We noticed this when our server had major fluctuations in memory consumption. After digging through metrics, made easy thanks to Prometheus and Grafana. We noticed that the spikes were due to our CSV uploads.
Examining CSV Import
Our processor is responsible for bringing in coordinates from legacy systems and ones that cannot support our API.
The original code:
require 'csv'
class CsvProcessor
def self.import_locations(file)
CSV.parse(file.read) do |row|
Location.create(
name: row['Name'],
lat: row['Lat'],
lon: row['Lon']
)
end
end
end
Looking at this code, I quickly came to the assumption that
read
was storing the entire file in memory before parsing.
Which sent me on a search for a more efficient parsing method.
Better Parsing Method
Through my search, I came across an amazingly detailed article on how to get the most memory efficient reads possible. It turns out, we were using the least efficient method to parse CSV files. I won’t put all the statistics here because the original article does a great deep dive on all the possibilities. I will only include the most efficient method, and the one we used.
Efficient read code:
require 'csv'
class CsvProcessor
def self.import_locations(file)
CSV.foreach(file) do |row|
Location.create(
name: row['Name'],
lat: row['Lat'],
lon: row['Lon']
)
end
end
end
The change was minor. I had to use CSV.foreach
instead of CSV.parse
which
performs a line by line streaming traversal of the file. When working with files
it is beneficial to have a stream. Streams only stores as much information as
needed during each cycle. In this case, it only needs one line.
I also got to eliminate the manual read. This cleaned up my code a bit, and I was
more than happy to let CSV.foreach
handle the reading for me.
This one change eliminated our memory spikes. Making CSV imports a minor event for the server.
Reducing the Number of Creates
However, while looking a the metrics around CSV imports I also noticed that it
took a long time to import a CSV. The most glaring suspect was the create
on
every row.
Rails libraries come to the rescue! There is a great library, activerecord-import, which allows for a singe database transaction for multiple creates and doesn’t complicate the code much.
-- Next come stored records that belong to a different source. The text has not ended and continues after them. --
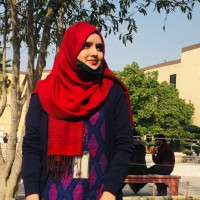 Humna Irfan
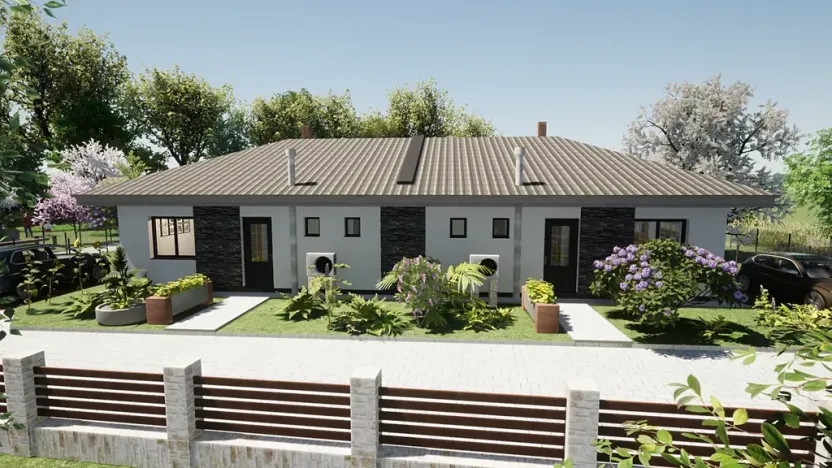 Prodej pozemku pro bydlení, Děpoltovice, 1233 m2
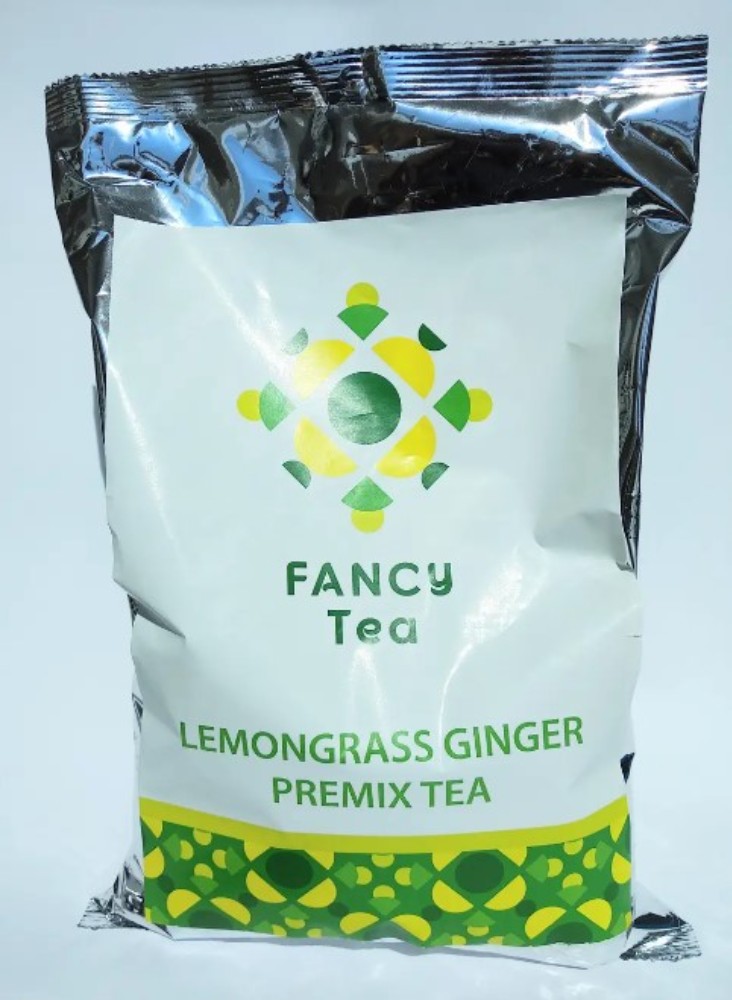 Пряний чай Lemongrass-Ginger(Лемонграсс-Імбир) (1 кг)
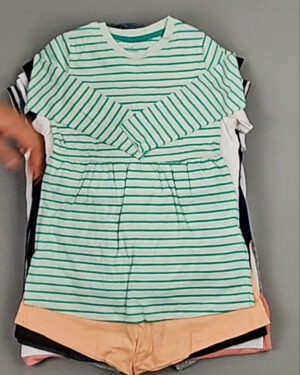 Фотография  289 - LIDL Kids Summer 114#7 кг, ЛОТ №8975 оптом в Кемерово и Кемеровской области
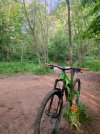 MTB Specialized Enduro  XL 2017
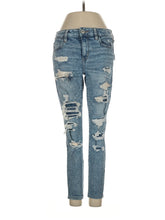 1 size - 4 X-Short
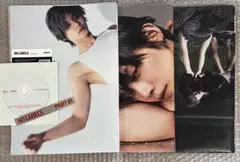 TXT ヨンジュン NO LABELS PART 01 wevese ver.②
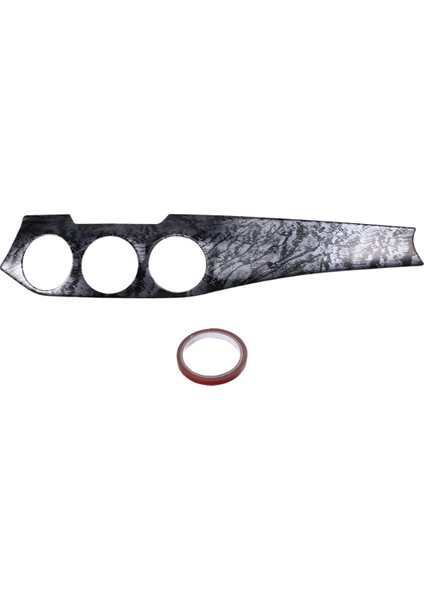 Gösterge Paneli Orta Konsol Klima Paneli Döşemesi Mercedes Benz W176 Gla X156 Cla C117 2013-2019 Lhd A (Yurt Dışından)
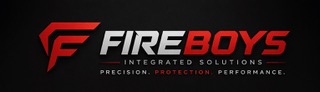 Fireboys Integrated Solutions logo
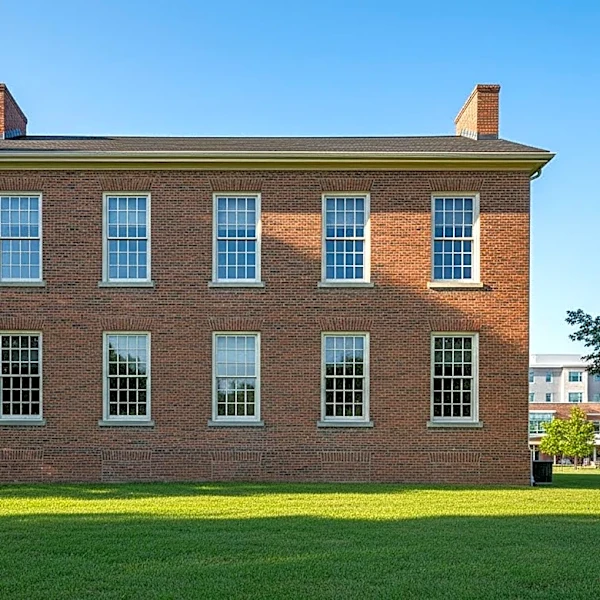 Historic Fairview Home to be Relocated for Bryan Hospital Expansion in Lincoln, Nebraska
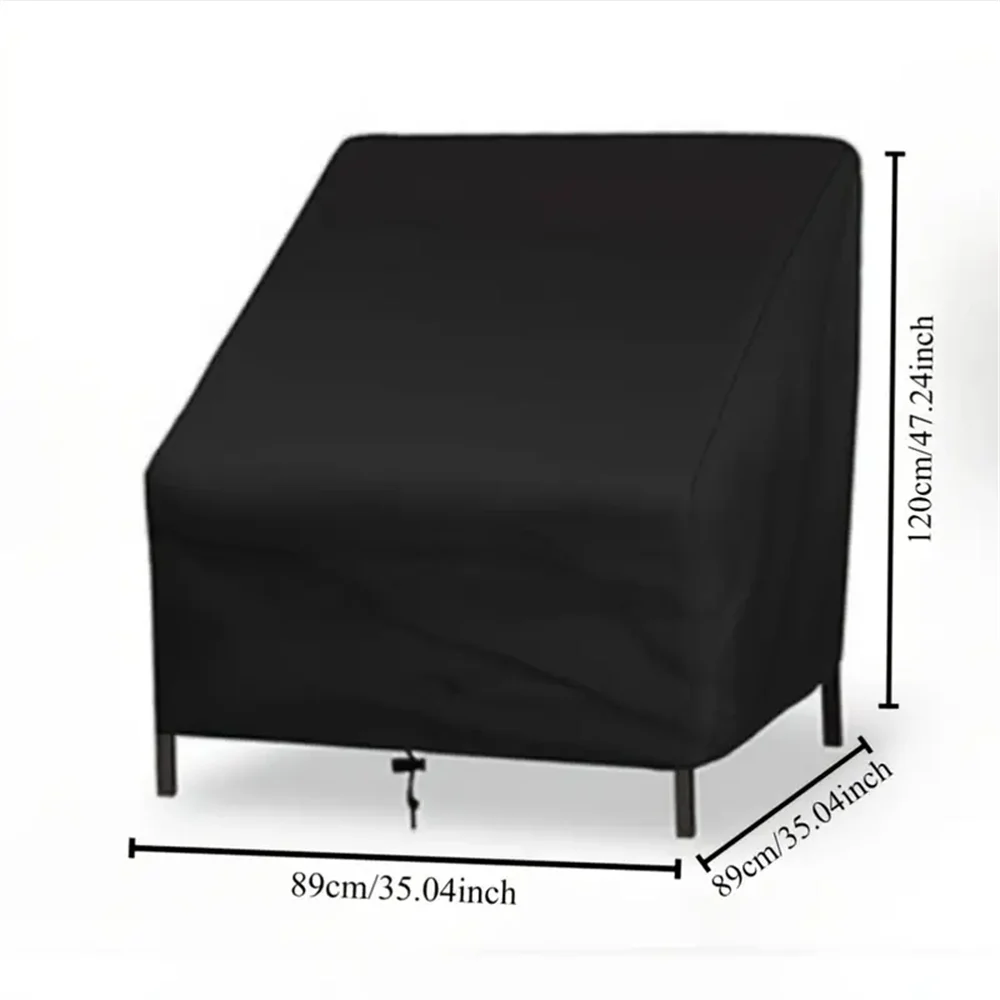 Outdoor Sofa Cover For All-Weather Protection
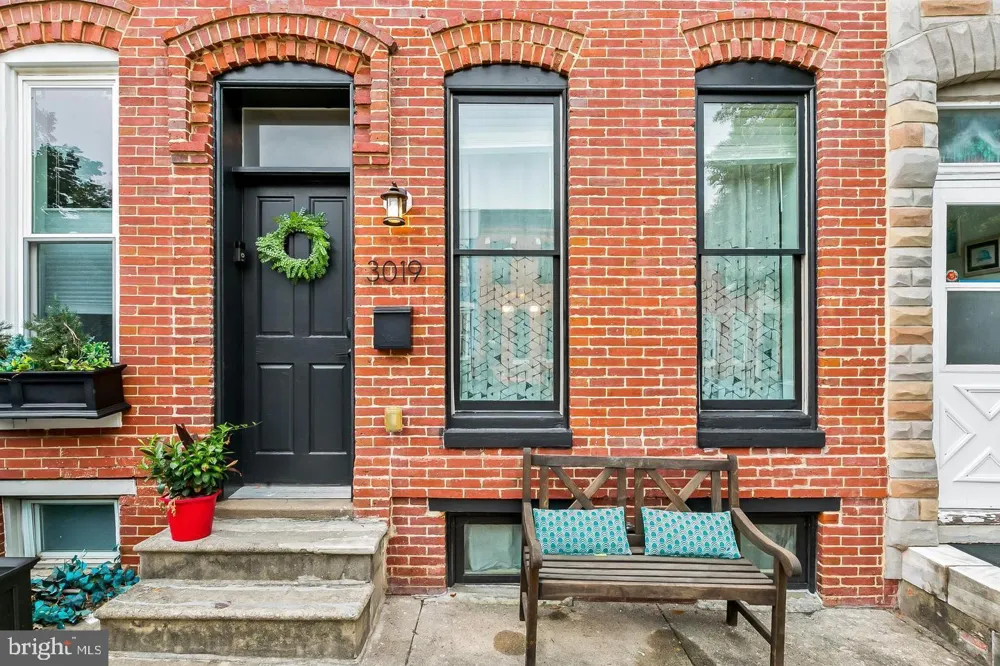 3019 KESWICK ROAD Baltimore, MD 21211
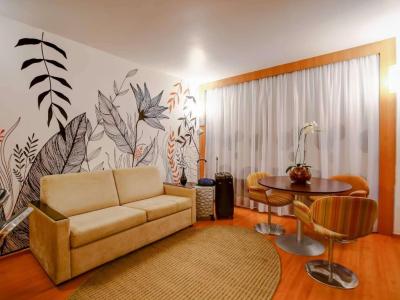 Superior Room - Disability Access 3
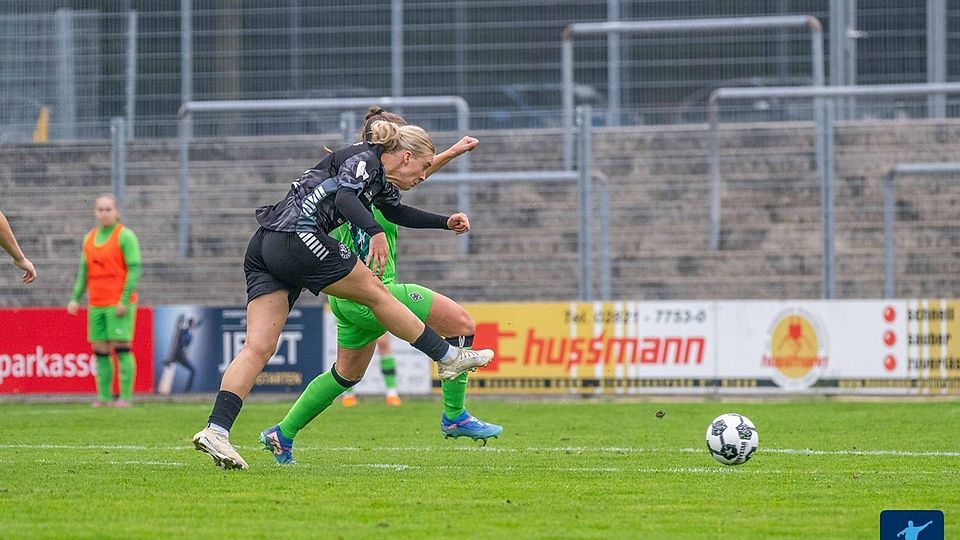 Schwacher Auftritt von Warbeyen.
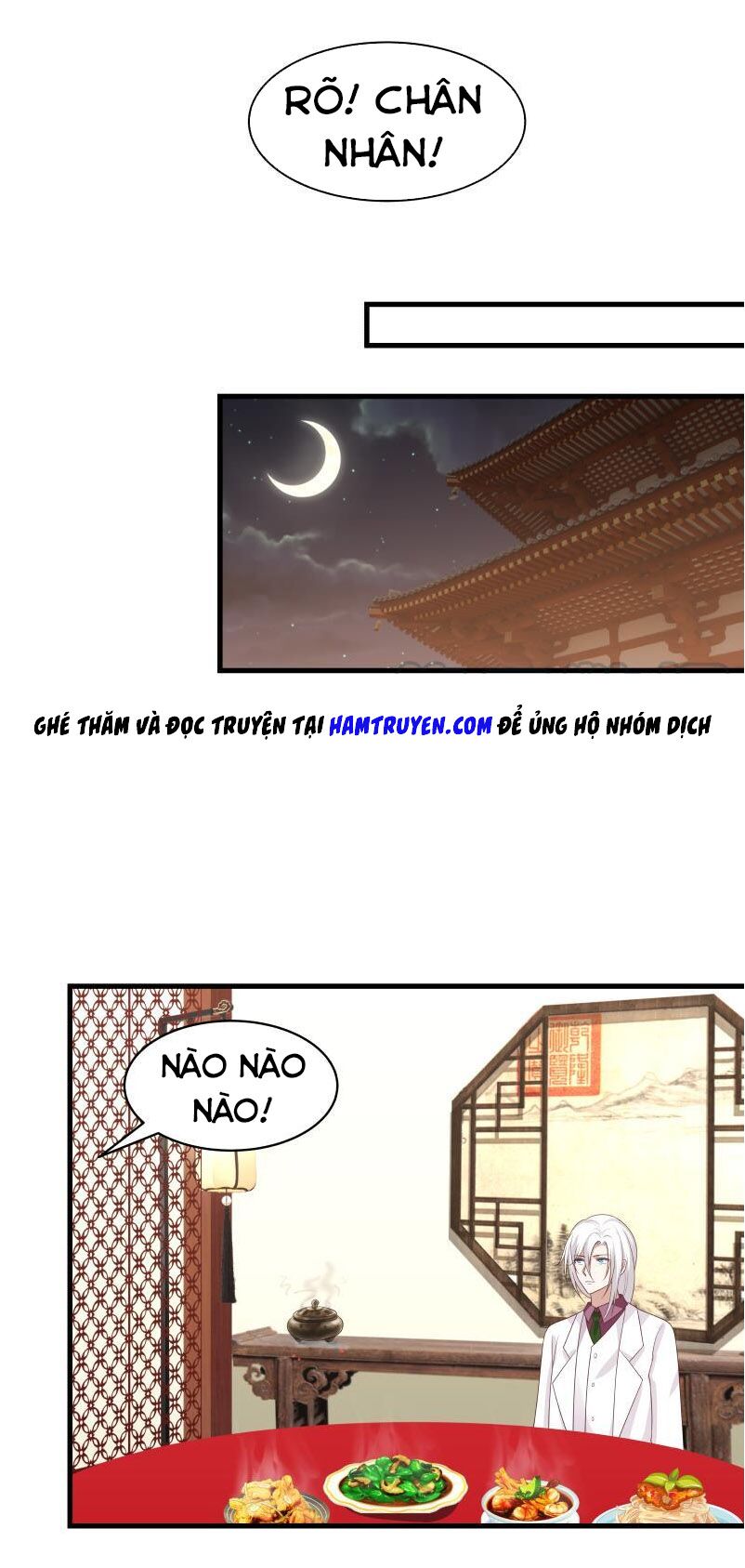 trên người ta có một rồng chapter 130 15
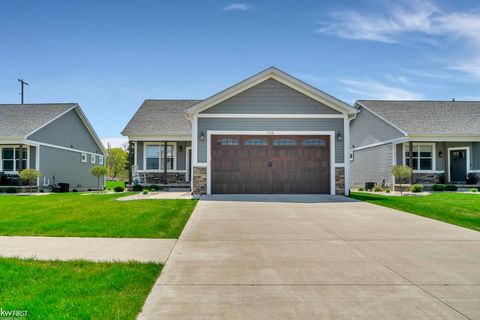 11118 Brahms Lane Davison Township MI 48423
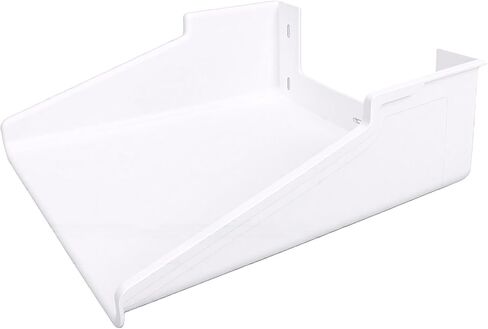 Outdoor Camera Rain Cover Abs Weather 27x26x9.5cm in Saudi Arabia
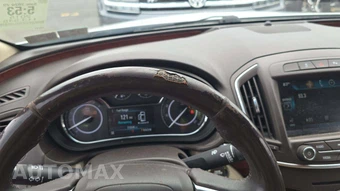 2015 Buick Regal Premium I 1SN – miniatura 25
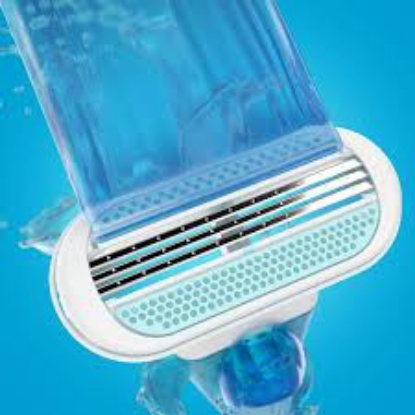 Gillette Venus Original Women's Razor 1 Handle  16 Cartridges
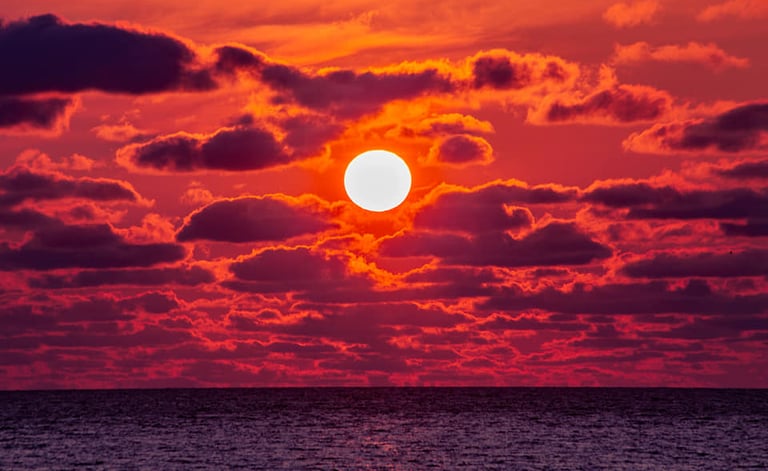 summer fire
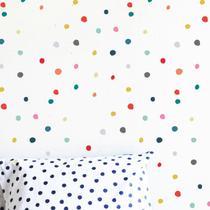 Kit Adesivos Infantis Pintas Mini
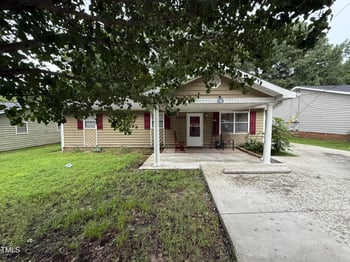 1921 Nc Hwy 55, Durham, NC 27707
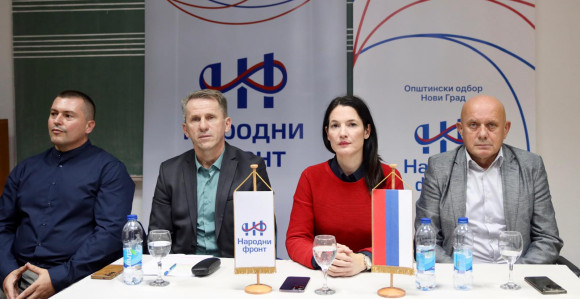 Sve maske su pale: Režim kapitulirao i izdao, interese Srpske daje na tacni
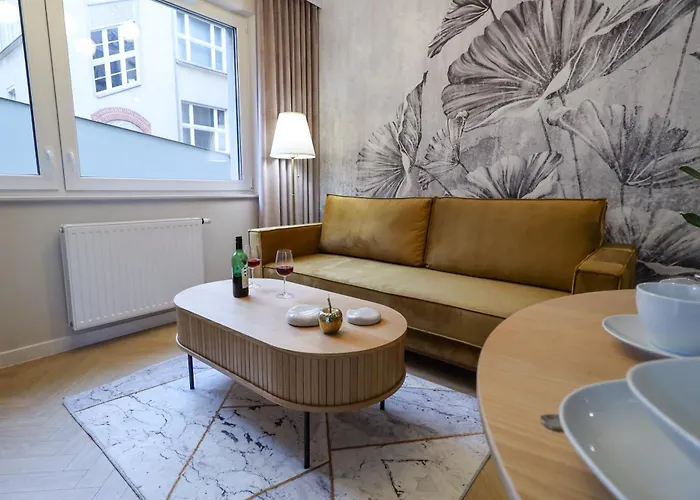 Apartman Lucky Seven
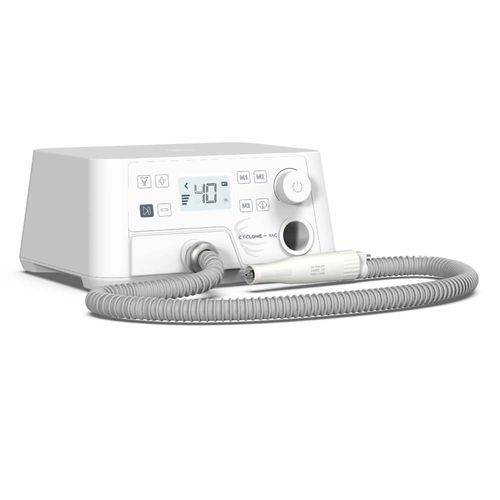 Ram Cyclone-VAC Brushless 40K Vacuum Drill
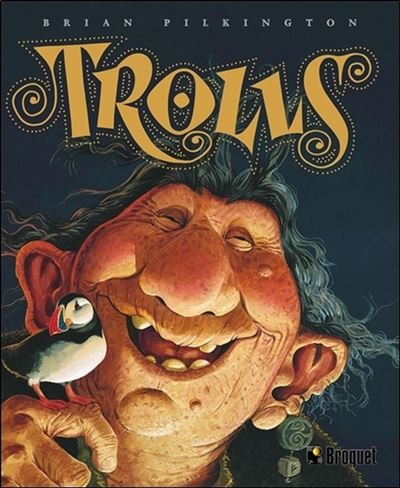 Trolls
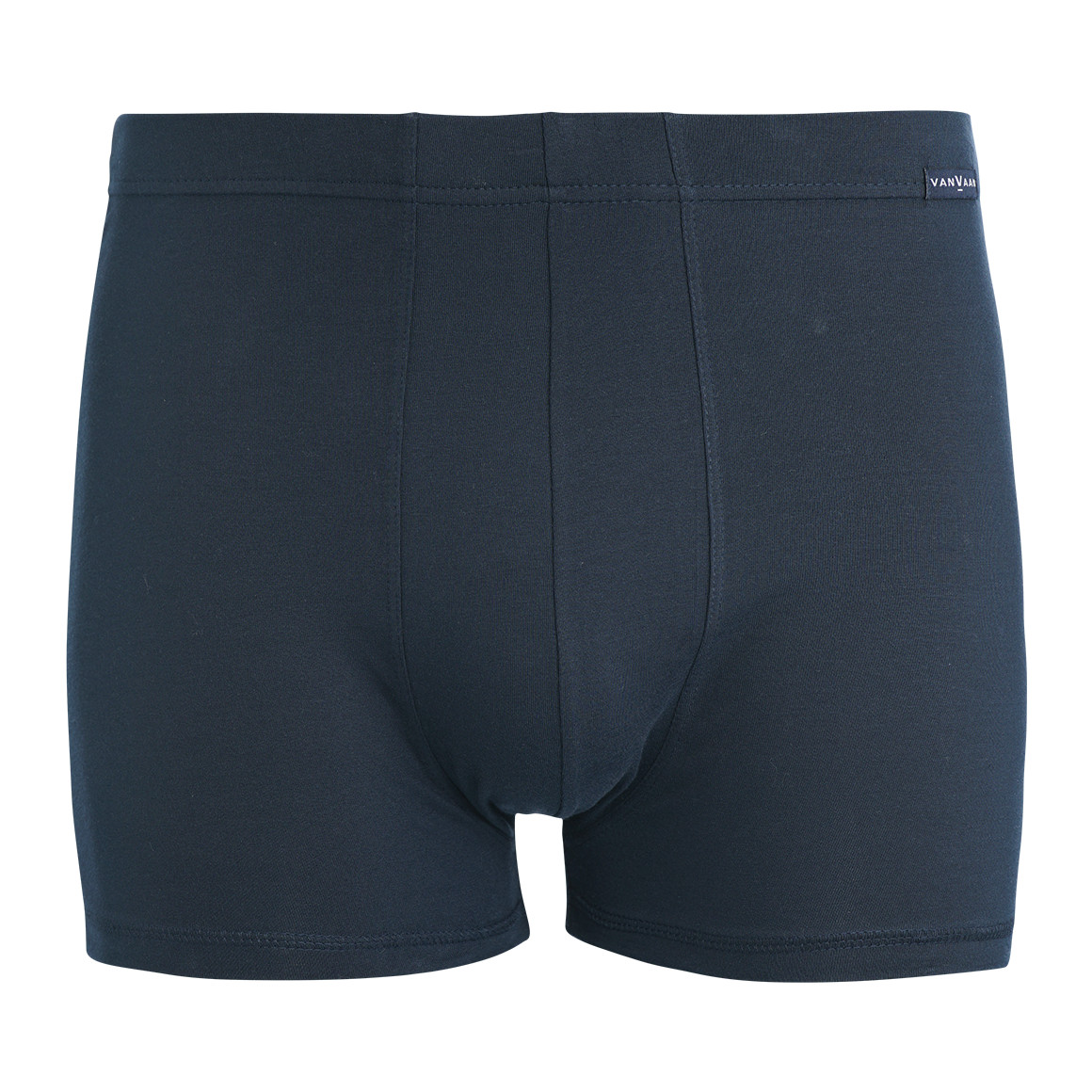 Herren Retroshorts mit Elastikbund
I eagerly tried to insert all the records in a single transaction. Although this had some speed improvement, it shot up our memory consumption again. So I started experimenting with intervals. With some trial and error, I arrived at 200 records per transaction. It didn’t consume too much memory and was actually the fastest. Anything below 200 created too many transactions and the efficiency dropped. Anything above 200 was creating too large of transactions for them to be efficiently saved.
My final code:
require 'csv'
class CsvProcessor
def self.import_locations(file)
locations = []
CSV.foreach(file) do |row|
locations << Location.new(
name: row['Name'],
lat: row['Lat'],
lon: row['Lon']
)
if locations.length > 200
Location.import locations
locations = []
end
end
Location.import locations
end
end
This change required a bit more code. I had to maintain a list of locations to import. Which I checked for the appropriate length, 200, every iteration.
Once the file read was complete. I performed a final import to save any remaining locations. If the list was empty, it would result in no import.
This final change improved our import time over 10x and made this small project much more worth it!